• **Prompt**
Using the material below, set down only the line containing "Anju looking out" and the lines after it, unchanged.

• **Provided material**
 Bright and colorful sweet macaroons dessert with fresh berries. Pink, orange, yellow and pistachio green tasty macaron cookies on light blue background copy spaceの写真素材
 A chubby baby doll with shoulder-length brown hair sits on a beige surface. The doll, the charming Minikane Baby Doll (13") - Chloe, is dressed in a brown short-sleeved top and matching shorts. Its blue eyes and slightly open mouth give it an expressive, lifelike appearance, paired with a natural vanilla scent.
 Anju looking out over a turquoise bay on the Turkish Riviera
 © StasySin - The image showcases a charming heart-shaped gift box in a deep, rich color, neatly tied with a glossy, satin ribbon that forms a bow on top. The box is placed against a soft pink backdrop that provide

• **Response box**
 Anju looking out over a turquoise bay on the Turkish Riviera
 © StasySin - The image showcases a charming heart-shaped gift box in a deep, rich color, neatly tied with a glossy, satin ribbon that forms a bow on top. The box is placed against a soft pink backdrop that provide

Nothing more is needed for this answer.